Advice from ChatGPT is advice from you

Mark Pestronk

Q: I read that artificial intelligence software can provide detailed travel recommendations. So, I tried ChatGPT, and sure enough, it did provide an apparently useful report about hotels and activities at a destination that I am not familiar with. If I provide this advice verbatim to my agency’s client, could my agency be liable for mistakes that caused the client to suffer a loss? Is the report’s wording covered by copyright law? Would the client’s claim be covered by our errors and omissions insurance policy?

  • Related: Can ChatGPT be a travel planner? We tested it out

A: It is quite risky to use ChatGPT for business purposes in its current state of development. Based on my experience, it commits strange errors and publishes inaccurate information.
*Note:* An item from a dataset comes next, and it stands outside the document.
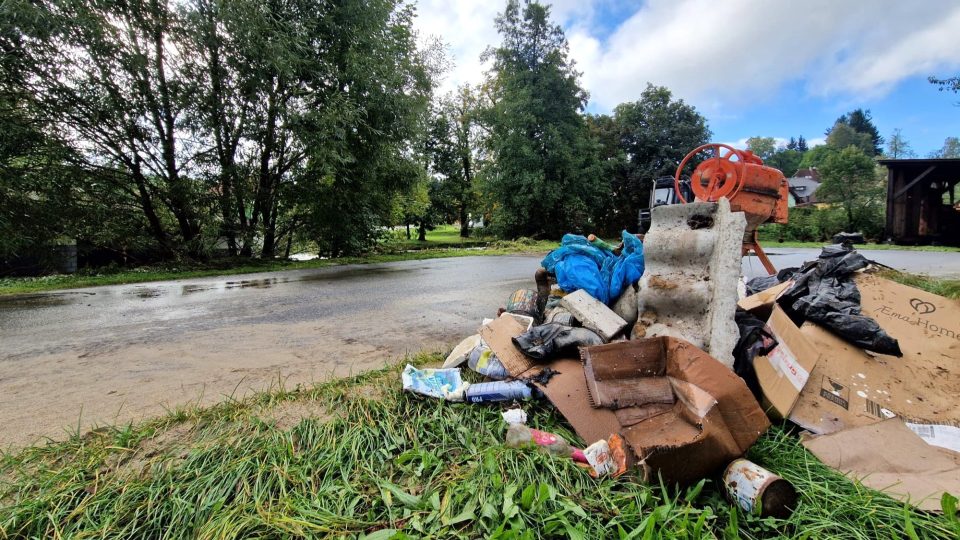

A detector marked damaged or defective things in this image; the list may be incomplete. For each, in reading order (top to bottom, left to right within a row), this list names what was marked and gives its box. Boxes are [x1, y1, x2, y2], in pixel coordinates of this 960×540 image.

When I asked it to explain “Who is Mark Pestronk?” it said that I am “an attorney specializing in travel law and the co-founder of the law firm Pestronk & Silverman.” I don’t even know anybody named Silverman.

Also, ChatGPT’s database ended in September 2021, so you cannot get current information from it. For example, it could not tell you anything about the bankruptcy of Crystal Cruises or the Russia-Ukraine war.

If your agency provides travel advice, it is deemed to be your advice, regardless of where it comes from. You have a legal duty to disclose reasonably obtainable, relevant information about destinations, suppliers or properties that a reasonably informed consumer would not necessarily know.

When you fail to perform that legal duty, your agency could be liable for the client’s loss, regardless of the origin of the advice. For example, if a destination requires U.S. citizens to obtain a visa in advance of travel and you fail to advise about it because ChatGPT does not disclose it, your agency would certainly be liable if the client had to cancel the trip because he did not have a visa.

The sole exception would be the case where you used a disclaimer such as those at www.pestronk.com/resources, which say that the client is solely responsible for destination requirements. Disclaimers such as those deter lawsuits as well as help win them.

  • Related: What will ChatGPT mean for the travel industry?

Since mistaken advice coming from ChatGPT would be deemed to be your advice, it would presumably be covered under your agency’s errors and omissions insurance policy, but you would have to read the exact wording of the policy, as there are many coverage exceptions.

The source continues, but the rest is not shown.